Upload customer feedback, support tickets, policies, CVs, or any text dataset — the app generates embeddings, reduces them to 2D, clusters them, and reveals hidden patterns.
Perfect for SMEs, councils, charities, and teams that need fast, AI‑powered text understanding without complex infrastructure.
- Upload CSV or TXT files
- Choose an embedding model (MiniLM by default)
- Automatic dimensionality reduction (PCA or UMAP)

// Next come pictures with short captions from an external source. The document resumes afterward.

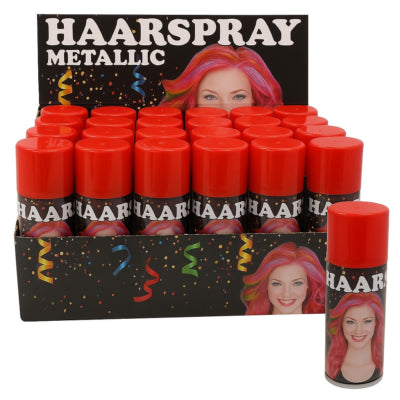 Haarverf spray rood feest carnaval grote spuitbus 250 ml | 24 stuks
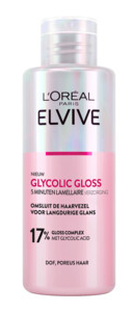 Elvive Glycolic Gloss 5 Minuten Lamellaire Verzorging 200ML Elvive Glycolic Gloss 5 Minuten Lamellaire Verzorging 200ML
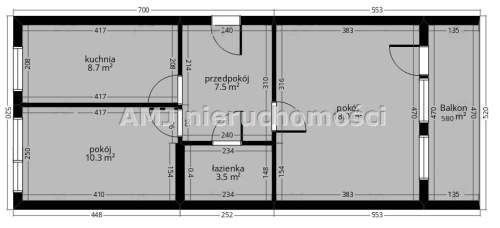 Mieszkanie 2-pokojowe ul. Kilińskiego w Wrocław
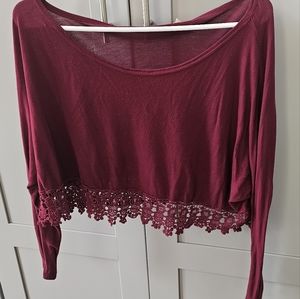 Elodie cropped long sleeve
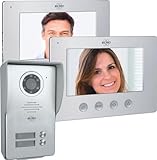 ELRO DV4000-2 Kit de Videoportero │ 2 Apartamentos │ Cámara 1080P Full HD con visión Nocturna │ Cable de 4 Hilos │ 16 Tonos de Llamada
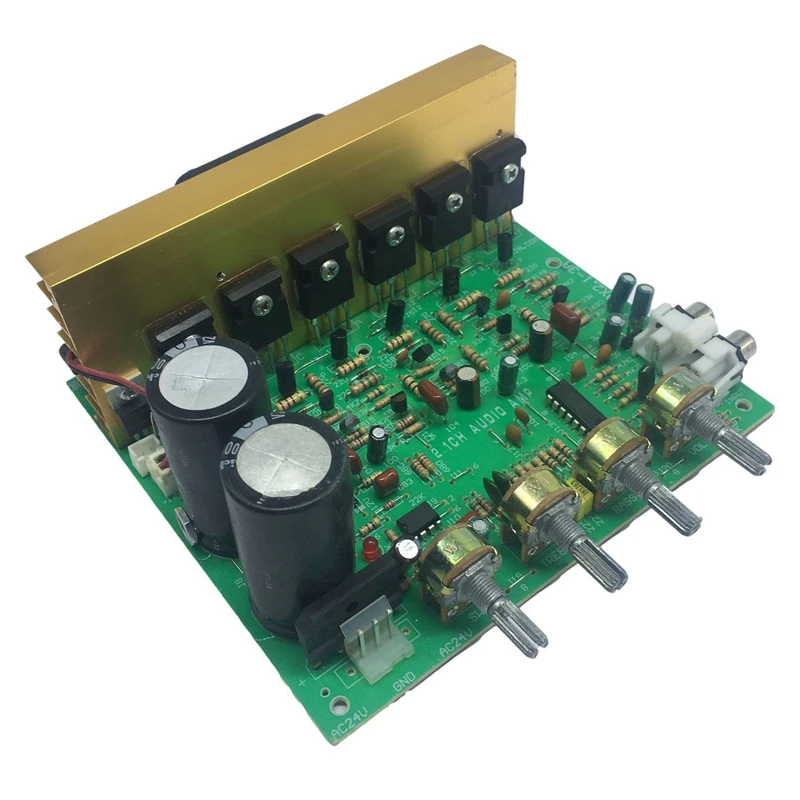 DX-2.1 Audio Power Amplifier Board 3X80W High-Power 2.1 Subwoofer Power Amplifier Board with Cooling Fan
DX-2.1 Audio Power Amplifier Board 3X80W High-Power 2.1 Subwoofer Power Amplifier Board with Cooling Fan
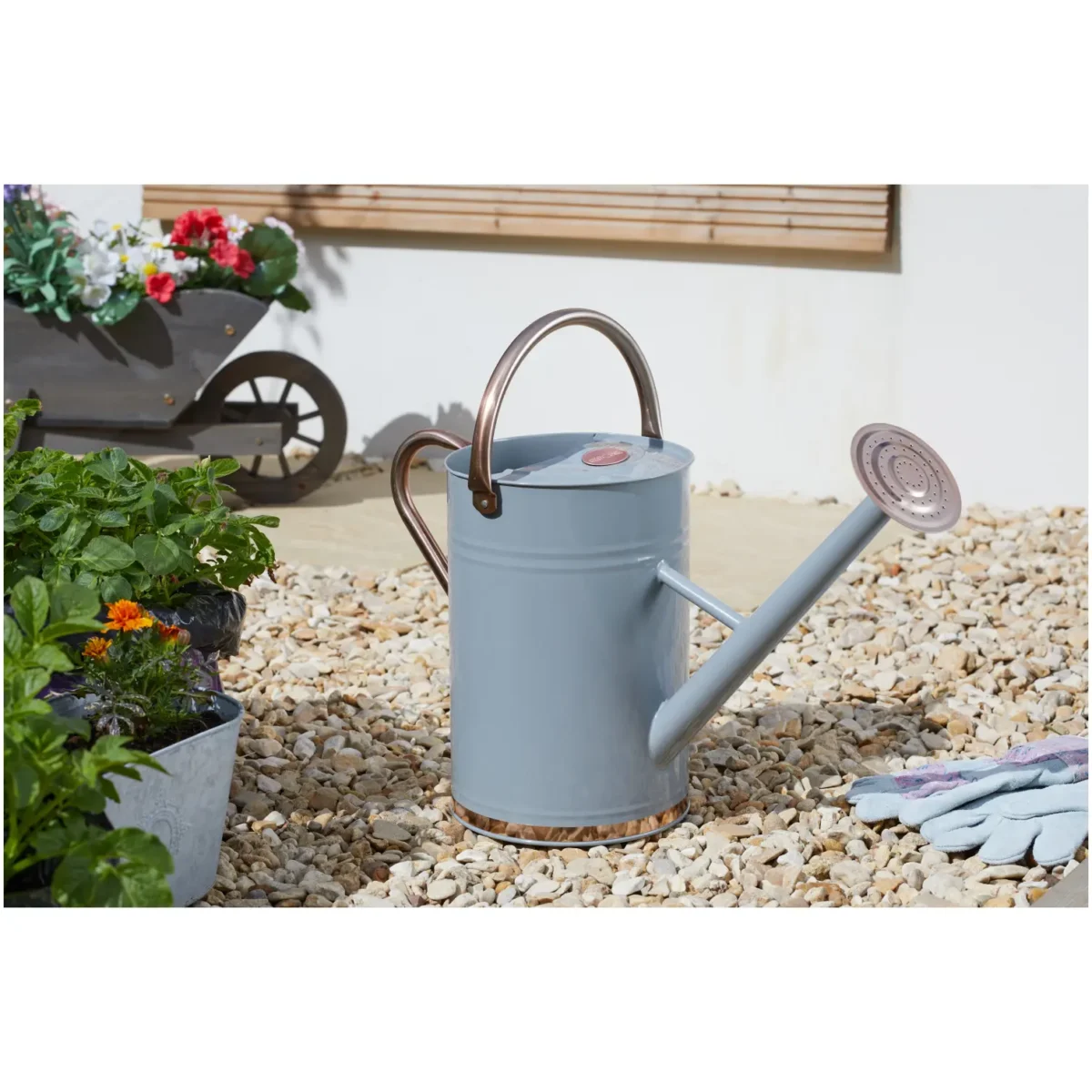 Galv Watering Can 9ltr Slate - Image 1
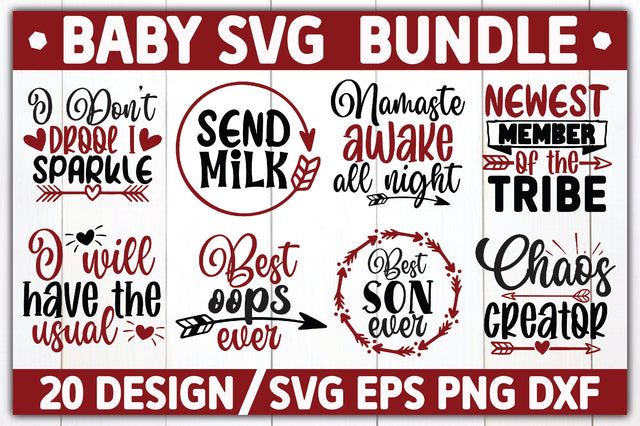 Baby SVG Bundle SVG Ariyan 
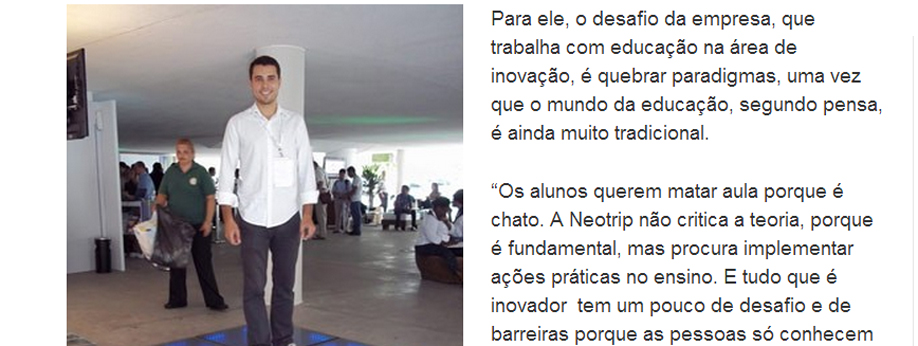 Neotrip: G1 - Maurício Calazans fala sobre Neotrip e sustentabilidade Neotrip: G1 - Maurício Calazans fala sobre Neotrip e sustentabilidade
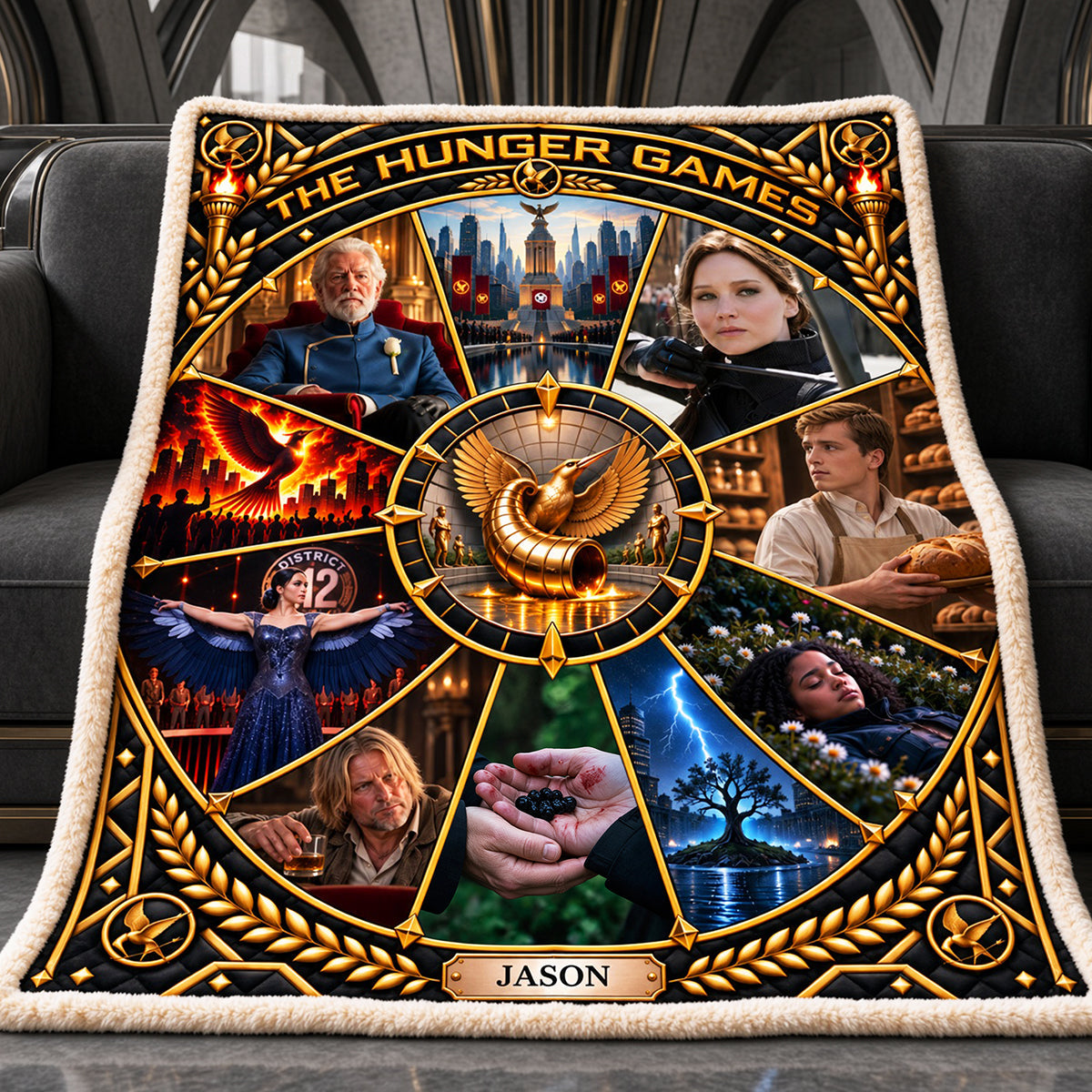 "Ignite Your Spirit: A Cozy Tribute to Survival - Personalized Blanket for Fans of the Legend of Survivors"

- KMeans clustering with adjustable cluster count
- Interactive 2D scatter plot
- Hover to view original text
- Download clustered results as CSV
- Zero configuration — runs locally or on Streamlit Cloud
This tool is intentionally small but delivers real business value:
- Customer Feedback Clustering — identify themes in reviews and surveys
- Support Ticket Triage — group recurring issues and detect outliers
- Document Similarity — map policies, reports, and internal knowledge
- Fraud Pattern Discovery — spot repeated scam wording or anomalies
- HR & Recruitment Insights — compare CVs and job descriptions
- SEO Topic Mapping — visualise content clusters and gaps
pip install -r requirements.txtstreamlit run app.pymini-embedding-explorer/
│
├── app.py # Streamlit UI
├── screenshots/
├── embeddings.py # Embedding + clustering engine
├── requirements.txt # Dependencies
├── README.md # Project documentation
└── examples/
└── feedback.csv
-
Embeddings
Text is converted into numerical vectors using a SentenceTransformer model. -
Dimensionality Reduction
High‑dimensional vectors are compressed into 2D using PCA or UMAP. -
Clustering
KMeans groups similar texts together. -
Visualisation
The 2D points are plotted so humans can see patterns instantly.
-
Upload a CSV of customer comments
-
Select the text column
-
Choose PCA or UMAP
-
Pick number of clusters
-
Generate embeddings
-
Explore clusters visually
-
Download results
A business uploads:
feedback.csv
- "Delivery was late again"
- "Website login keeps failing"
- "Customer service was excellent"
- "Refund process is confusing"
The tool reveals clusters like:
-
Delivery issues
-
Website bugs
-
Positive service comments
-
Refund complaints
-
This helps teams prioritise improvements.
-
Advanced Embedding Models — Add support for larger or domain‑specific models (legal, financial, medical) to improve clustering accuracy for specialised industries.
-
Semantic Search Engine — Allow users to search their dataset using natural language queries powered by embeddings, turning the tool into a mini knowledge explorer.
-
Topic Labeling — Automatically assign human‑readable labels to clusters (e.g., “Delivery Issues”, “Refund Complaints”), making insights easier for non‑technical teams.
-
Interactive Cluster Editing — Let users merge, rename, or split clusters directly in the UI, enabling custom business workflows and cleaner reporting.